One of the reasons why Maker’s resisted bottling their bourbon at high proofs probably boils down to money. Maker’s is one of the few original Kentucky distilleries to have shunned increasing their barrel entry proof over the years.
In 1962, the Federal Government changed the maximum barrel entry proof from 110 to 125. This allowed distilleries to add more water into their final products to stretch the amount of bottles that a typical barrel would yield. Maker’s Mark was one of the few who opted not to follow suit and continues to barrel theirs at 110 proof to this day.
So why did they decide to keep it this way? Because lower barrel entry proofs tend to create a sweeter whiskey overall. This is because there is more water in the barrel that can dissolve various wood sugars better than alcohol. In theory, this would create a sweeter, more robust bourbon even when it was proofed down to 90 proof before being bottled.
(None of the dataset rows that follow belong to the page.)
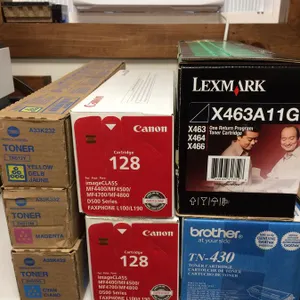 Toner Cartridges, New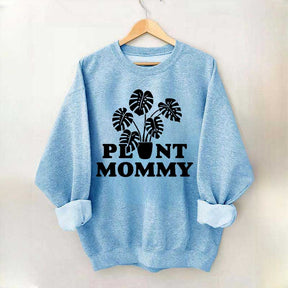 Plant Mommy Botanical Florist Sweatshirt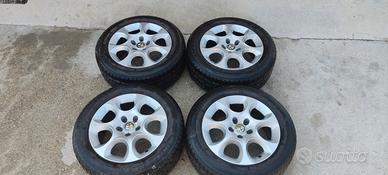 cerchi lega alfa 159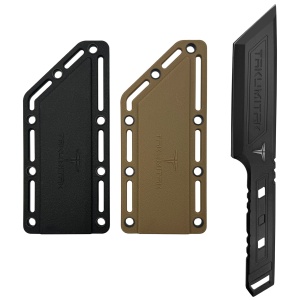 Takumitak Hard End Knife - Black - Img 9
So when Maker’s eventually announced they were starting to release a cask strength bourbon back in 2014, it was a shock to most and a welcome change to many. This would mean that they potentially stood to make even less money per barrel since no water could be added at all. Maker’s cask strength bourbon ended up being a hit and continues to rival other wheated bourbon competitors (like Weller) to this day.
But For the next 4 years, Maker’s creativity stalled when regarding new releases. Rather than following other distilleries by offering true single barrels or limited editions that had high age statements, they concentrated on projects that saw what would happen when additional staves were added to barrels. Maker’s 46 and the Private Select program were all well and good, but the bourbon being used still was coming from the same large batch that all of their other products were using. Their rationale for this was all in the name of consistency. They stated many times that they would never consider releasing true single barrels or aging them past 6 to 7 years.
Maker’s Mark 101 was born
While the enthusiasts clamored for a true single barrel release or barrels with double-digit age statements, Maker’s has seemed to have ignored their fans by releasing a new label that nobody asked for. This new label would bottle their standard bourbon at a new proof that was basically in between barrel proof and their standard 90 proof. Maker’s Mark 101 was born.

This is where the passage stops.